**Work task:** Output exactly the lines from the one containing "A cozy living" through the final line of the entries below, both included, and skip the pictures.

[Captioned web images]

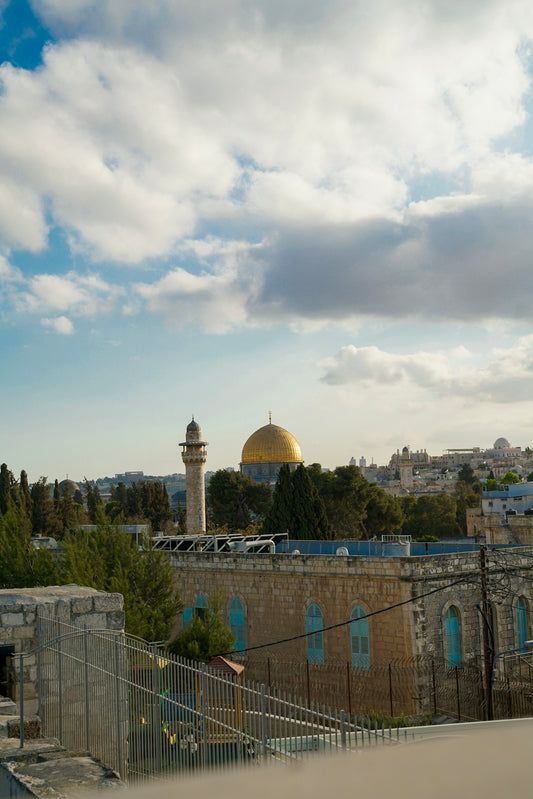 Golden dome mosque with minaret under cloudy sky.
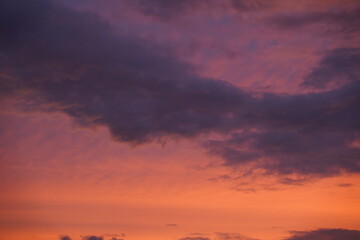 Beautiful evening blue sky at sunset with flaming bright light clouds. A warm summer evening at sunset.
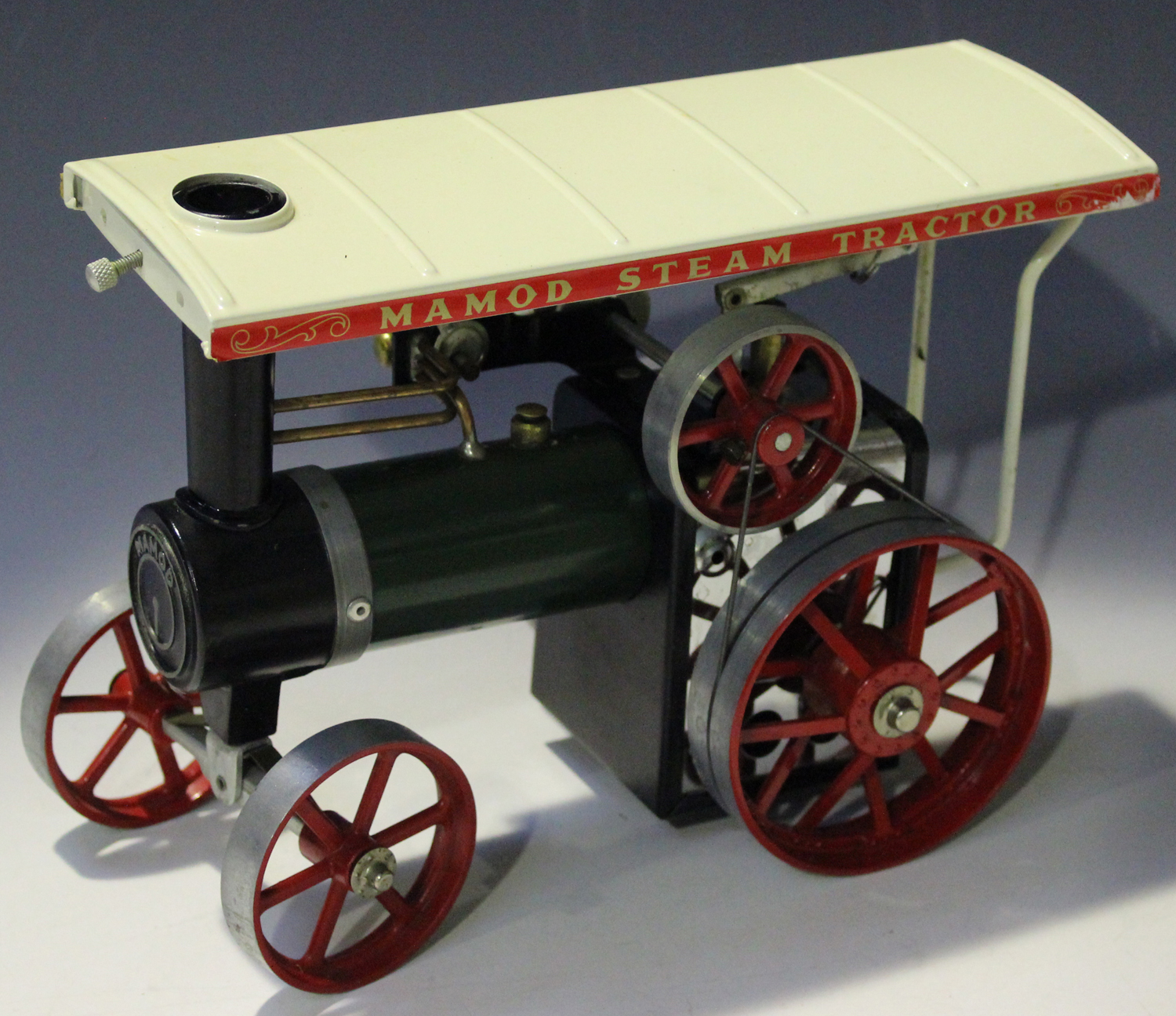 A Mamod steam tractor, boxed (some paint chips, box creased, torn and scuffed).Buyer’s Premium 29.4%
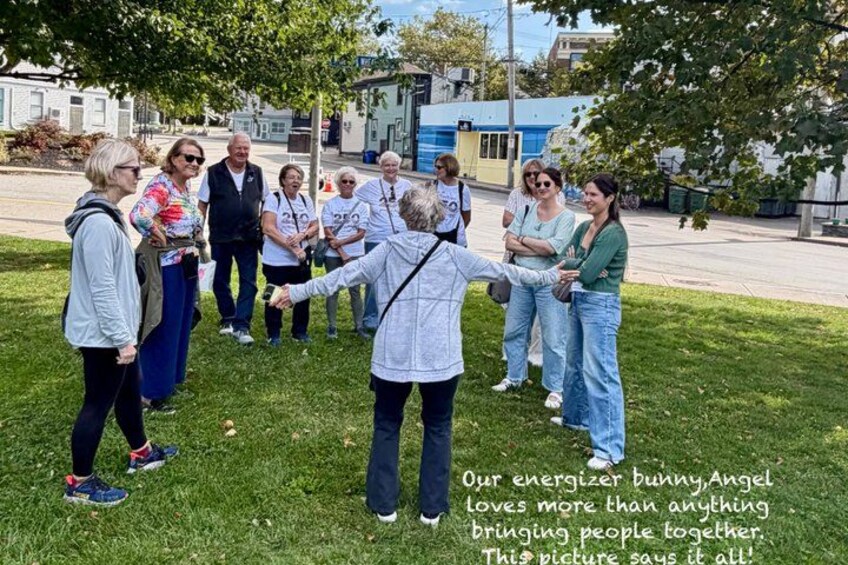A group of people holding hands in a circle on a grassy area with buildings in the background. 4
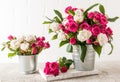 two fresh garden bouquets of roses in decorative buckets stand on a white wooden podium. grey concrete table. white Royalty Free Stock Photo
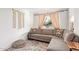 A cozy living room with a comfortable couch, patterned rug, and great natural light at 2320 E Harvard St, Phoenix, AZ 85006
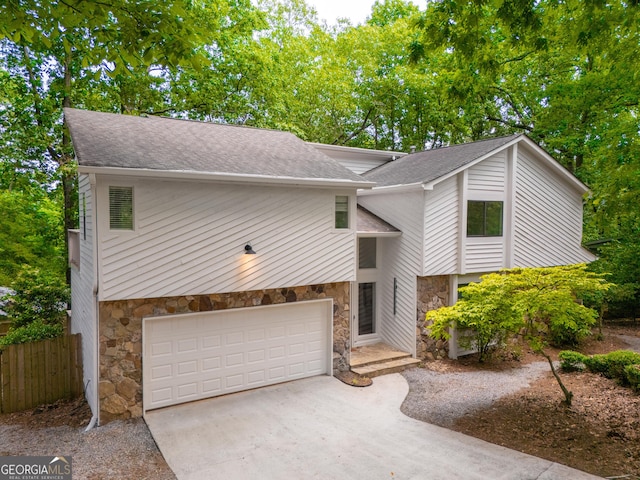 mid-century modern home with stone siding, roof with shingles, and driveway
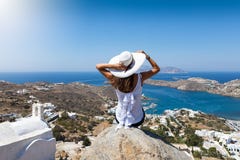 Woman sits on a rock high over the village of Ios island stock image Woman sits on a rock high over the village of Ios island stock image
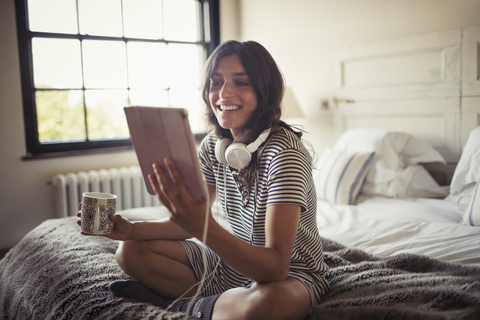 Lächelnde junge Frau mit Kopfhörern, die auf dem Bett Kaffee trinkt und ein digitales Tablet benutzt, lizenzfreies Stockfoto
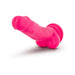 Bright neon pink 7.5-inch silicone dual density dildo with suction cup base and realistic texture.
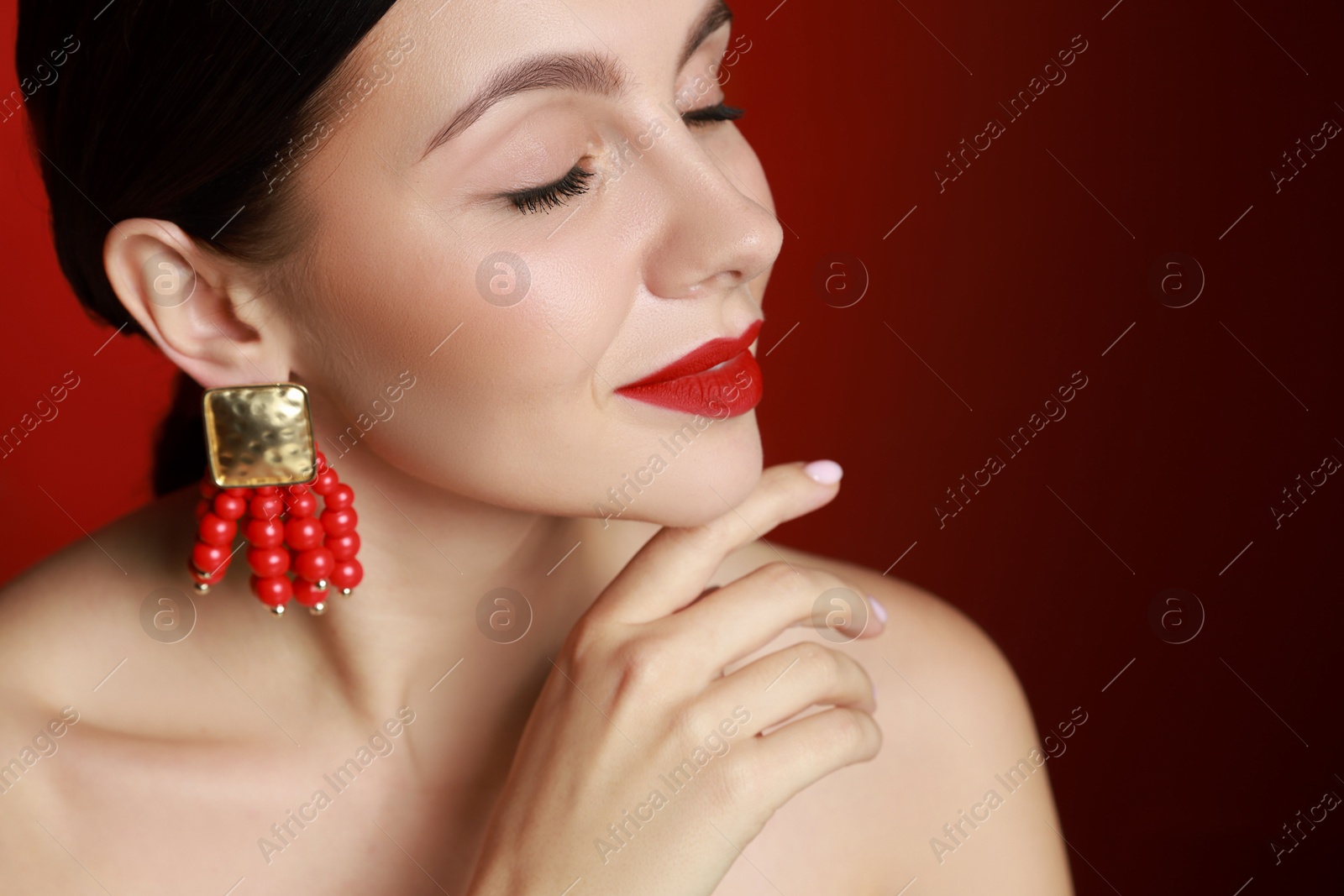 Photo of Beautiful young woman wearing elegant earrings on red background, closeup. Space for text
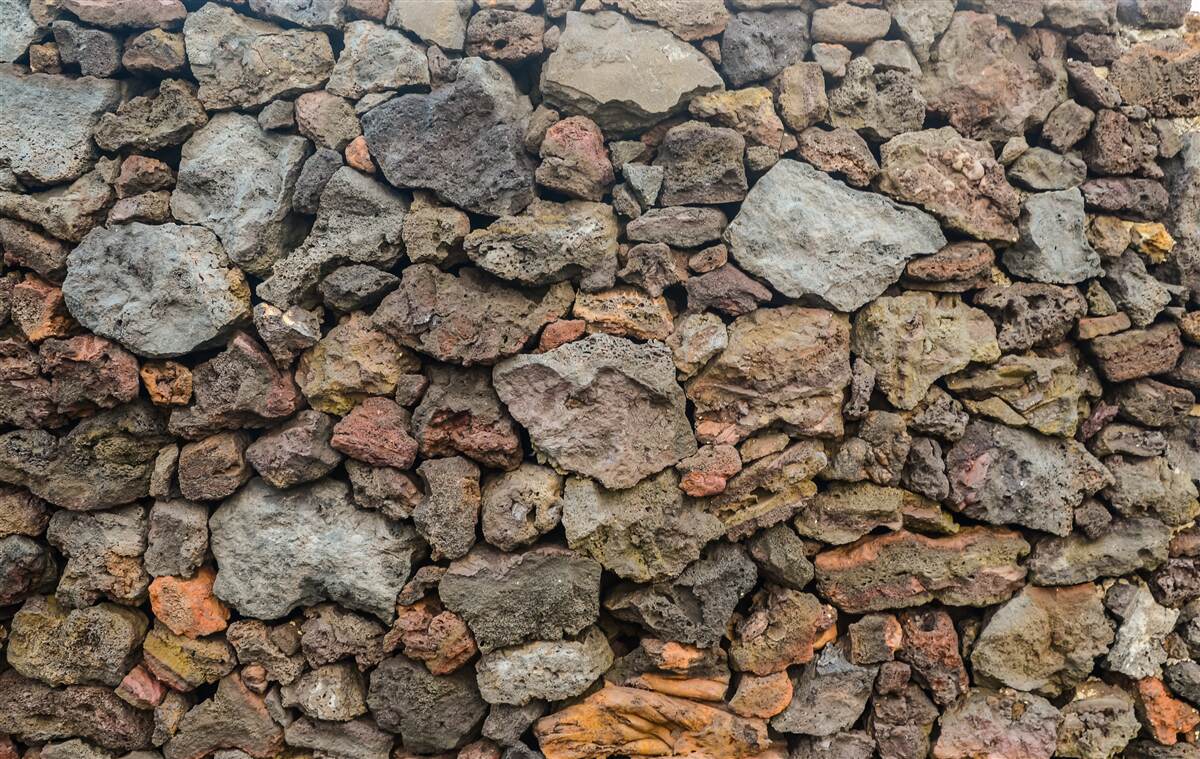 Fotobehang Vulkanische stenen muur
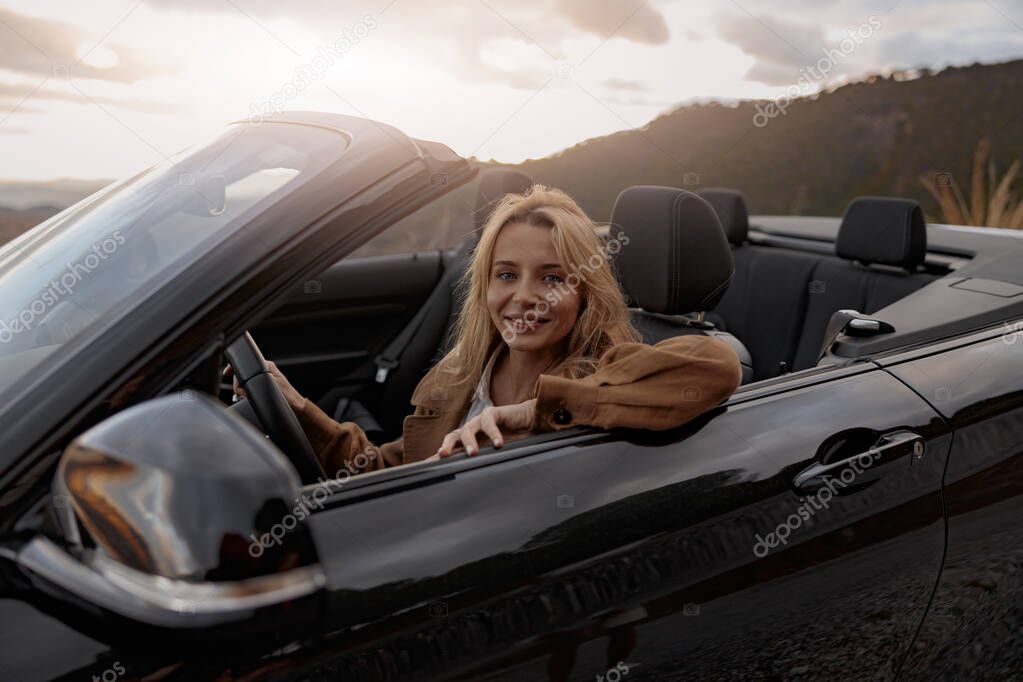 Close up of joyful young pretty blonde woman smiling to camera sitting in convertible car at sunset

**Answer area:**
 A cozy living room with a comfortable couch, patterned rug, and great natural light at 2320 E Harvard St, Phoenix, AZ 85006
 mid-century modern home with stone siding, roof with shingles, and driveway
 Woman sits on a rock high over the village of Ios island stock image Woman sits on a rock high over the village of Ios island stock image
 Lächelnde junge Frau mit Kopfhörern, die auf dem Bett Kaffee trinkt und ein digitales Tablet benutzt, lizenzfreies Stockfoto
 Bright neon pink 7.5-inch silicone dual density dildo with suction cup base and realistic texture.
 Photo of Beautiful young woman wearing elegant earrings on red background, closeup. Space for text
 Fotobehang Vulkanische stenen muur
 Close up of joyful young pretty blonde woman smiling to camera sitting in convertible car at sunset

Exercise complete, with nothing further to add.